By R. Francis Rubio     Oct 25, 2010 in World
Canadian detainee Omar Khadr accepted a deal from the United States and pleaded guilty to all five counts of terrorism brought against him on Monday.
Guantanamo Bay, Cuba - Seated beside his Canadian lawyer and his U.S. Military lawyer, Reuters reports that Omar Khadr listened to the charges presented to him by judge Army Colonel Patric Parrish, and with his head in his hands Khadr admitted his guilt by answering "yes" to all five charges one by one.
Tabitha Speer, the widow of U.S. Sergeant 1st Class Christopher Speer who died as the result of a grenade attack by Khadr, sat in the front row crying and grasping her sister's hand as the admission of guilt was made.
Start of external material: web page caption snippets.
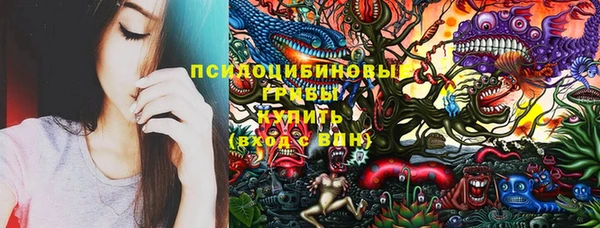прущие грибы Покровск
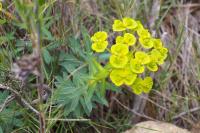 Euphorbia nicaeensis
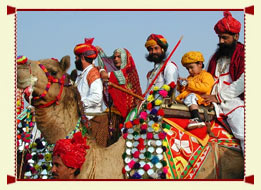 Camel Festival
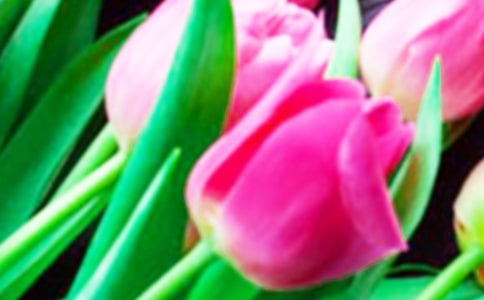 ��д�����������300�֣�ͨ��59ƪ��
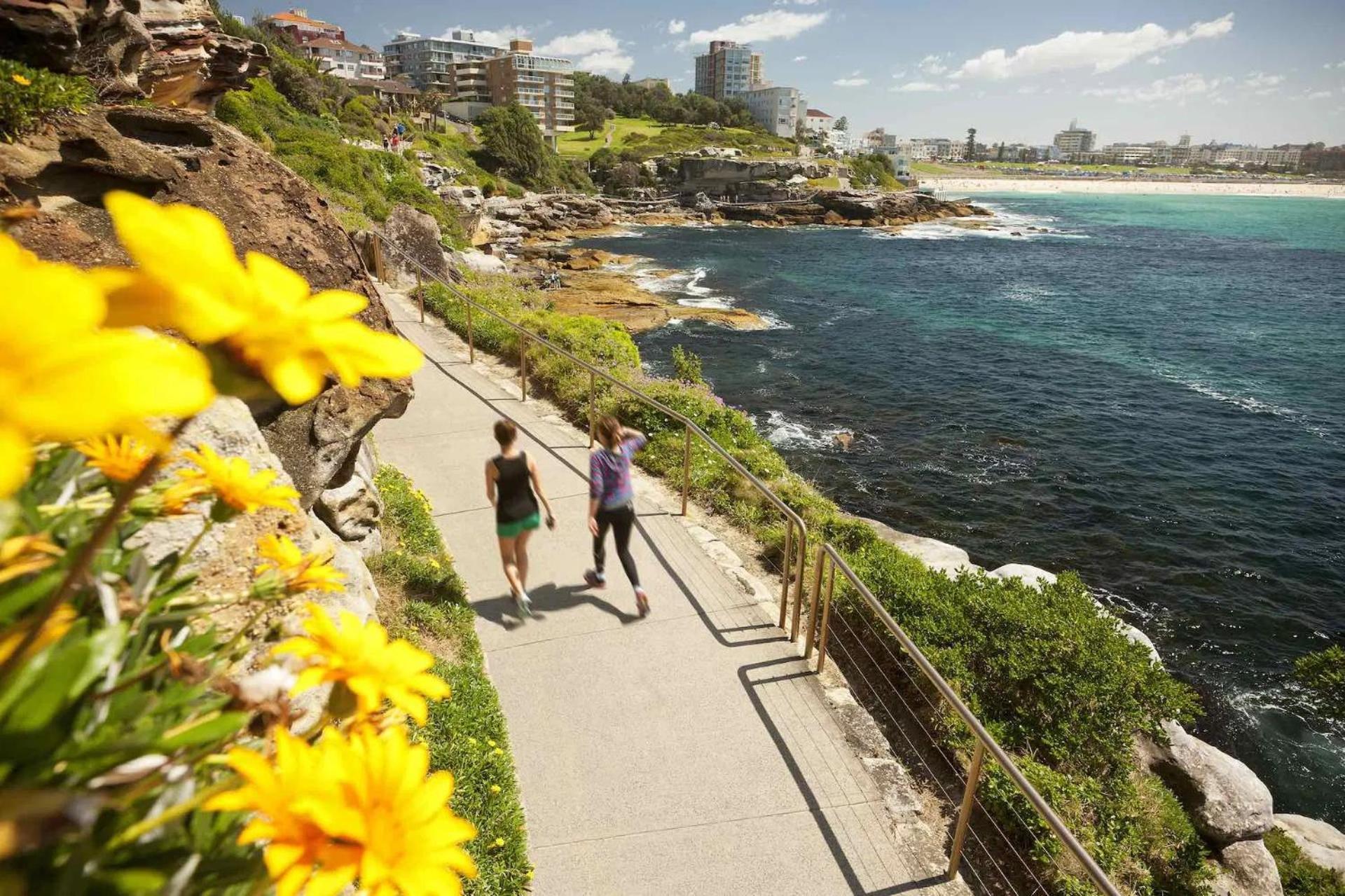 Bondi With Views From Rooftop Pool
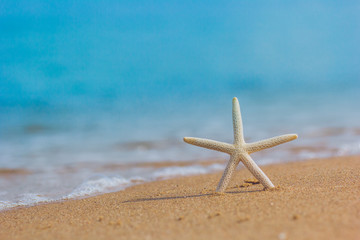 Fototapeta na wymiar Starfish at the sandy summer beach with blue sea in the background with small waves. Travel, holiday and vacation in the summer tranquility getaway and relaxation concept.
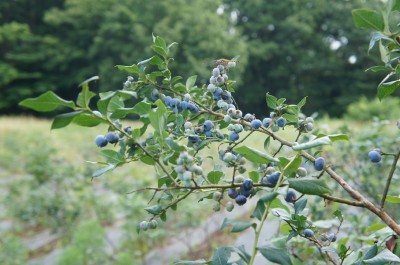 DSC01779
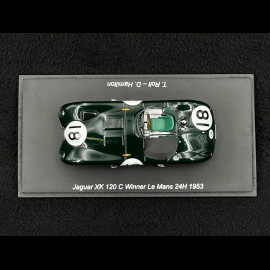 Jaguar XK120 C n° 18 Winner 24h Le Mans 1953 1/43 Spark 43LM1953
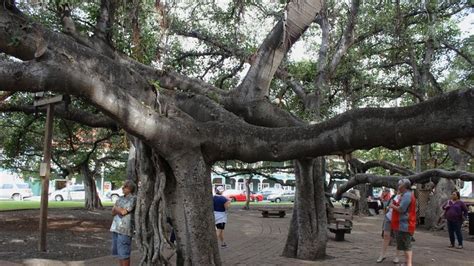 Ring by ring, majestic banyan tree in heart of fire-scorched Lahaina chronicles 150 years of ...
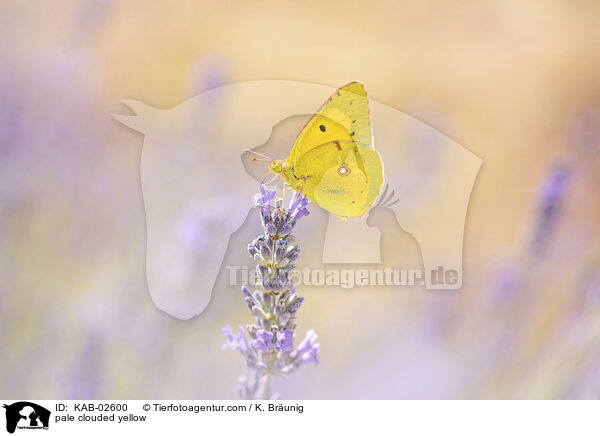 pale clouded yellow / KAB-02600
Khadr is the fifth prisoner tried and convicted of terrorism charges overall, and the second under the Obama Administration since the establishment of the U.S. Military Tribunal Court shortly after 9/11 at the U.S. Naval Base, Guantanamo Bay.
Acknowledging the court's jurisdiction to try him, Khadr admitted to conspiring with al Qaeda, planting roadside bombs in Afghanistan and throwing the grenade in a 2002 fire fight that killed Sergeant 1st Class Speer.
Only a mere 15 at the time of his capture and with his trial widely criticized around the world, lawyers for Khadr attempted to argue (in vain) the case that their client was a child soldier and rather than being prosecuted, Khadr should be rehabilitated.
His lawyers also told the court, the United States agreed to support Khadr's request to finish the rest of his sentence in Canada after serving one year in Guantanamo Bay, but leaving that decision ultimately up to the Canadian government.
In response to Khadr's request a spokeswoman for Canadian Foreign Minister Lawrence Cannon told Reuters that, "This matter is between Mr. Khadr and the U.S. government. We have no further comment."
Mr. Khadr's plea deal (the terms of which had not been disclosed) may have saved him from serving a life sentence for his crimes, although the details have not been released, it has been reported that the lawyers were discussing an eight year cap on his sentence.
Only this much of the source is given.